### WHAT YOU WILL DO
Begin at the line holding "Chauffeuse 1 place" and set down exactly each line through the last one below, omitting pictures. Include nothing else.

### MATERIAL FOR THE TASK
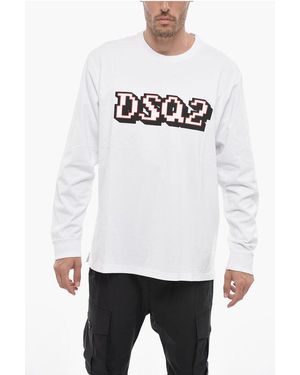 DSquared² Long-Sleeved Skater Fit T-Shirt With Logo Print - White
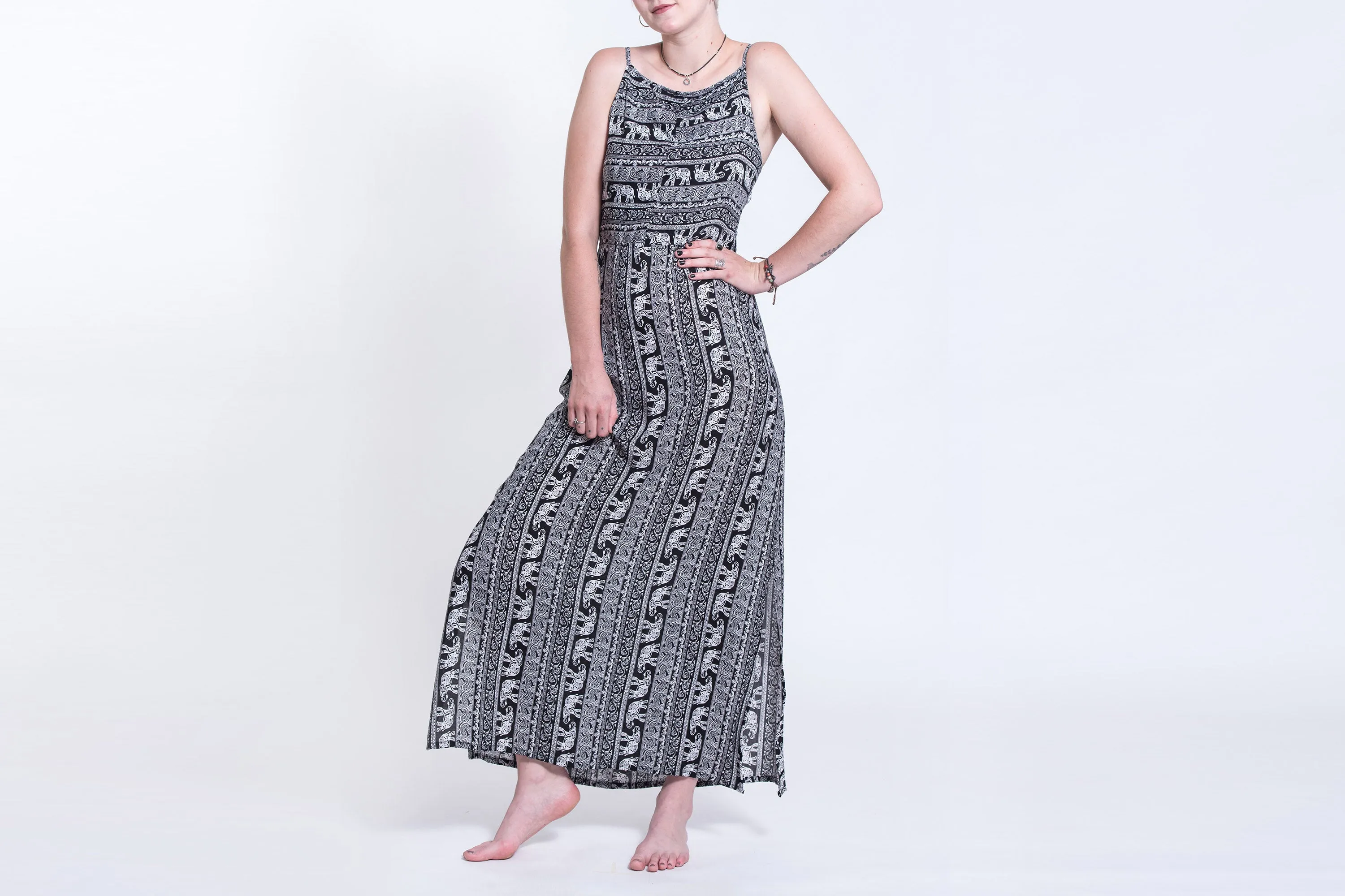 Elephant Paisley Tie Back Maxi Dress in Black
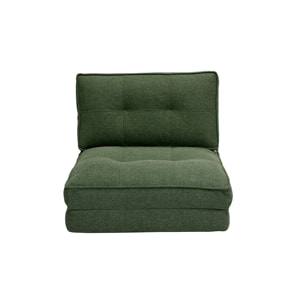 Chauffeuse 1 place convertible en tissu vert kaki SALLY
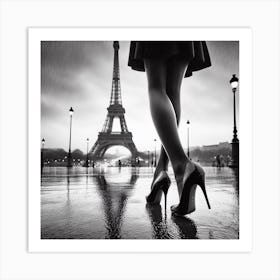 Black and white Paris Eiffel Tower legs lady Art Print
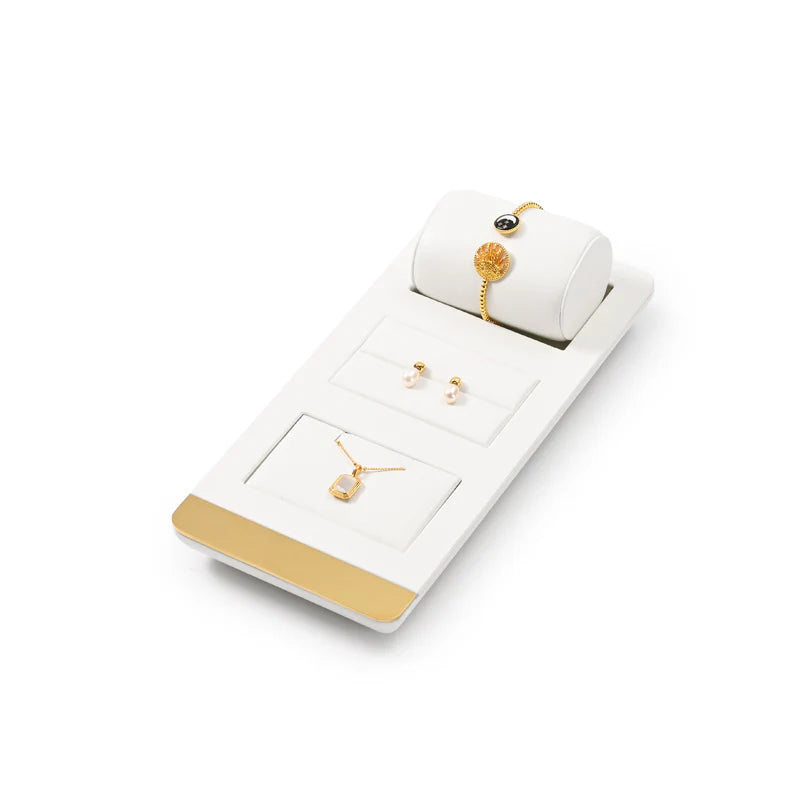 White PU Leather Jewelry Display Set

### ANSWER FOR THIS EXERCISE
 Chauffeuse 1 place convertible en tissu vert kaki SALLY
 Black and white Paris Eiffel Tower legs lady Art Print
 White PU Leather Jewelry Display Set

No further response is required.